EXTRACTED DATA Block Start

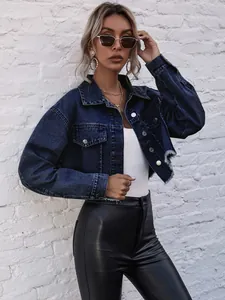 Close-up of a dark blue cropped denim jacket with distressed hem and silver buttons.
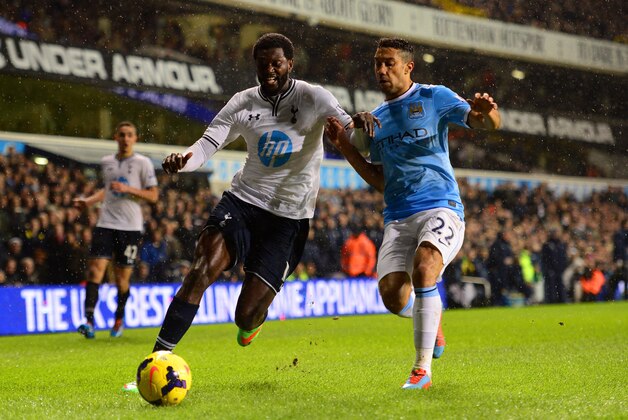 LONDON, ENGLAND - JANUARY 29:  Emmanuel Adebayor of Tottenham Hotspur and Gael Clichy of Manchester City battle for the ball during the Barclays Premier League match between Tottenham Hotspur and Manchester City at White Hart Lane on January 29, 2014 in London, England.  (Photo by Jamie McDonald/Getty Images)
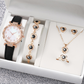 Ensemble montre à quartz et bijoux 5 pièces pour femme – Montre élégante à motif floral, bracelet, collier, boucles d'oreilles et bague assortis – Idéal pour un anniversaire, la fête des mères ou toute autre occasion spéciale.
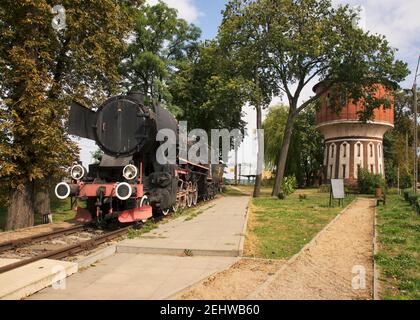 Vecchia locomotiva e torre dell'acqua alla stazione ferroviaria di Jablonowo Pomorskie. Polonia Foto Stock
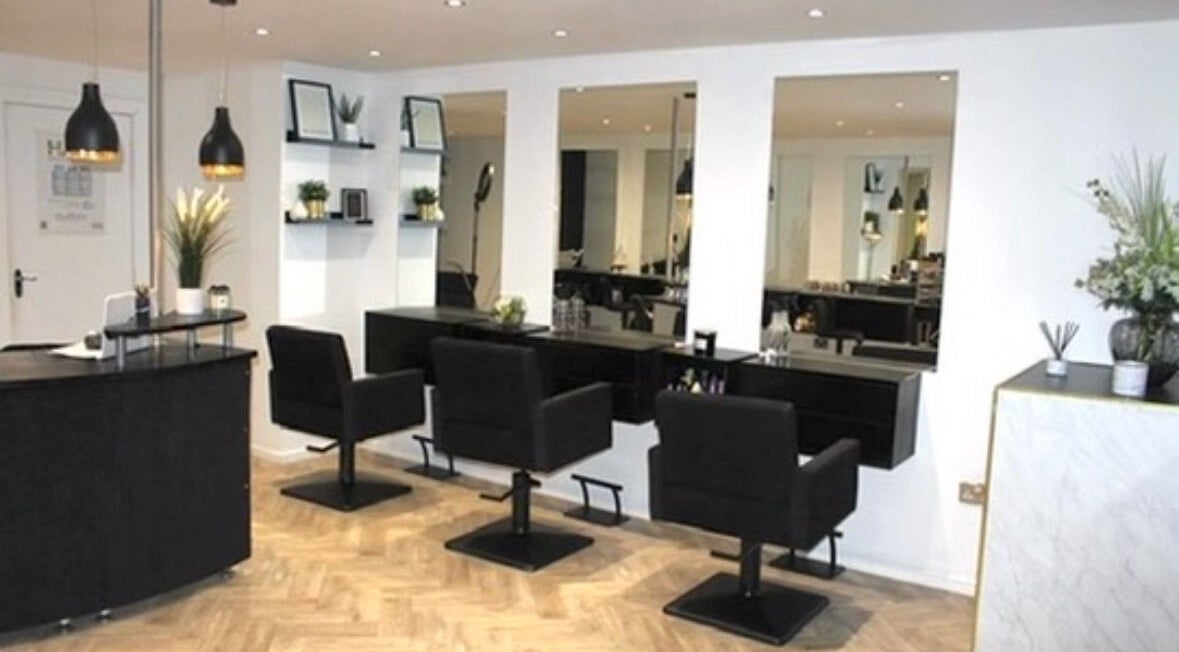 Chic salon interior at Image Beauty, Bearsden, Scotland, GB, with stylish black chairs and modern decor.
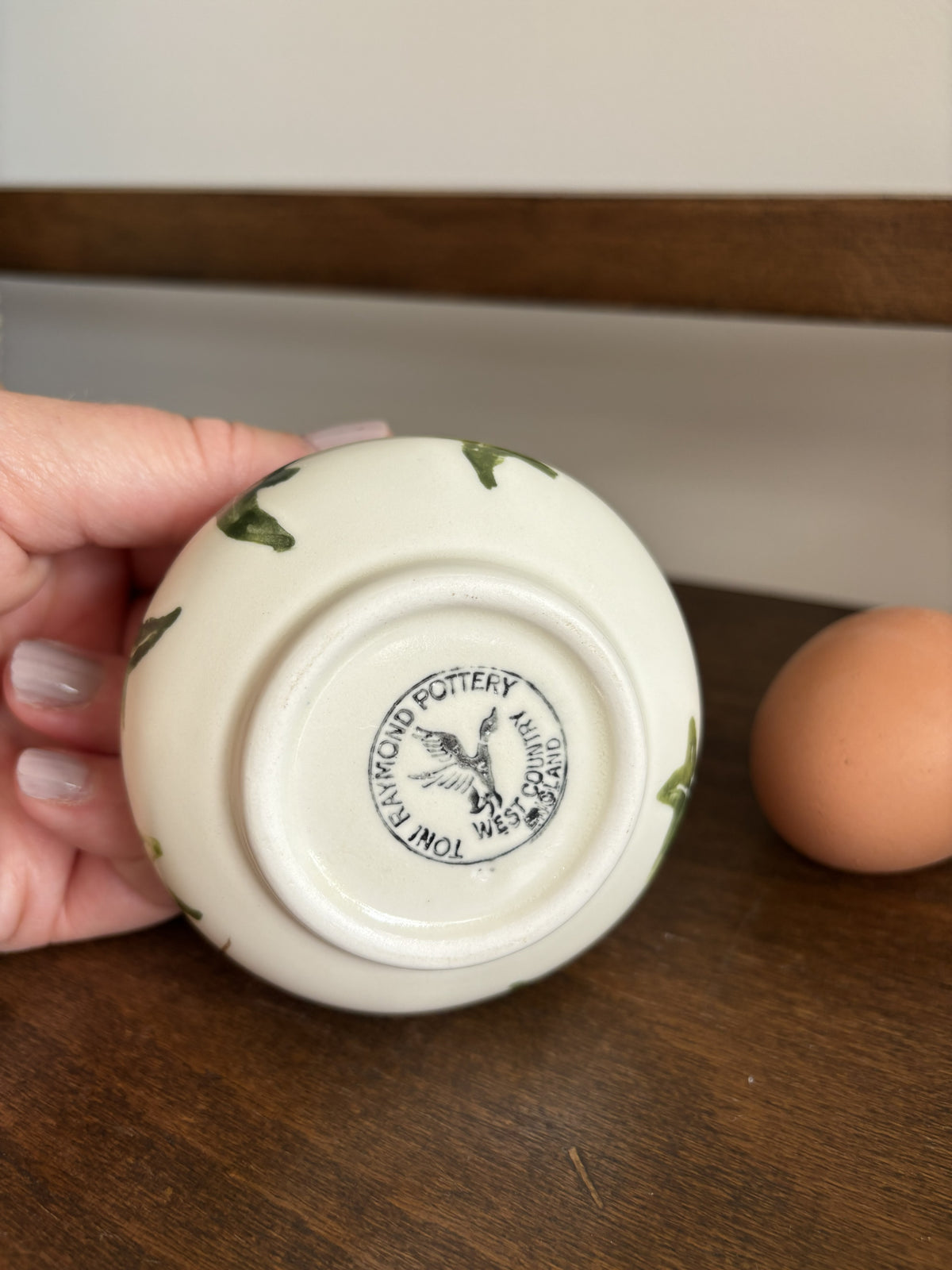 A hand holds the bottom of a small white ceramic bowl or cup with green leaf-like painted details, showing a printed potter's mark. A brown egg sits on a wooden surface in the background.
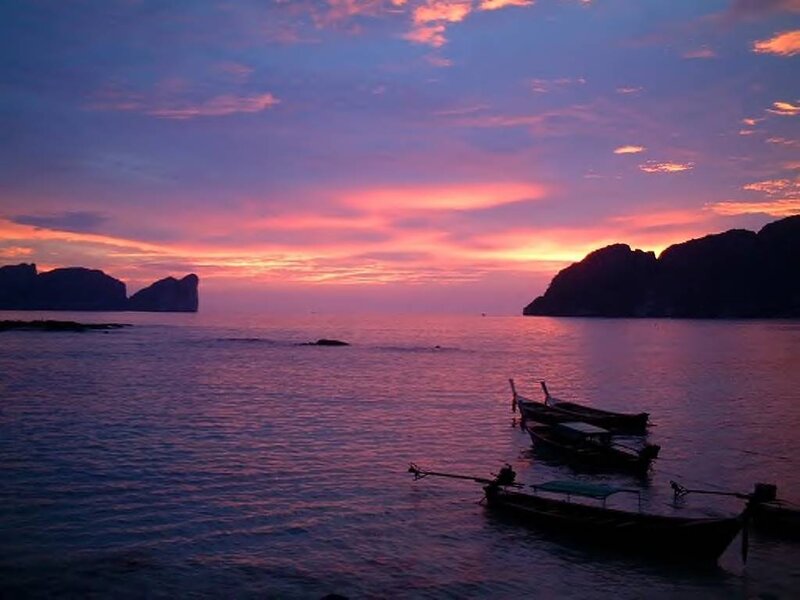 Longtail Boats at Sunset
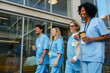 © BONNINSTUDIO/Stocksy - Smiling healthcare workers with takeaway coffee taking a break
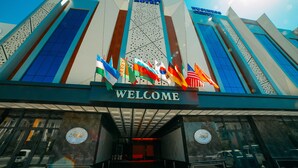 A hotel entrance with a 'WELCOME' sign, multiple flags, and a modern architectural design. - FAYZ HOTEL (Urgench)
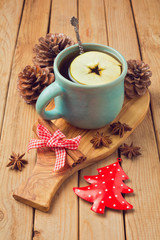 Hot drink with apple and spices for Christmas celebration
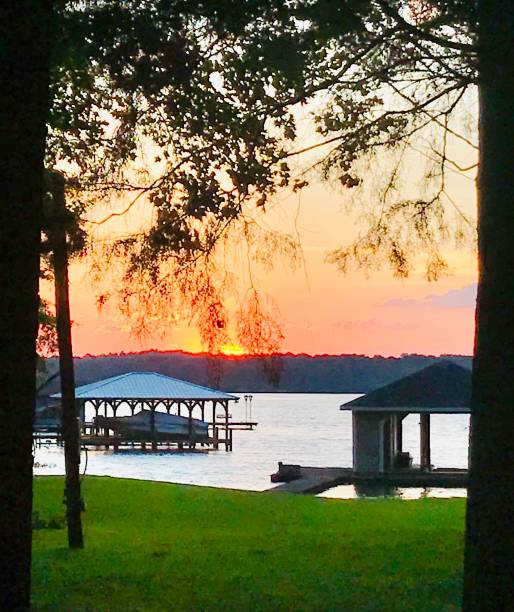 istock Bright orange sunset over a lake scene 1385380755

EXTRACTED DATA Block End

• **YOUR GOAL**
From the line containing "A hotel entrance" to the final line of the entries, both included, transcribe every line exactly, omit the pictures, and add nothing more.

• **ANSWER TO THIS TASK**
 A hotel entrance with a 'WELCOME' sign, multiple flags, and a modern architectural design. - FAYZ HOTEL (Urgench)
 Hot drink with apple and spices for Christmas celebration
 istock Bright orange sunset over a lake scene 1385380755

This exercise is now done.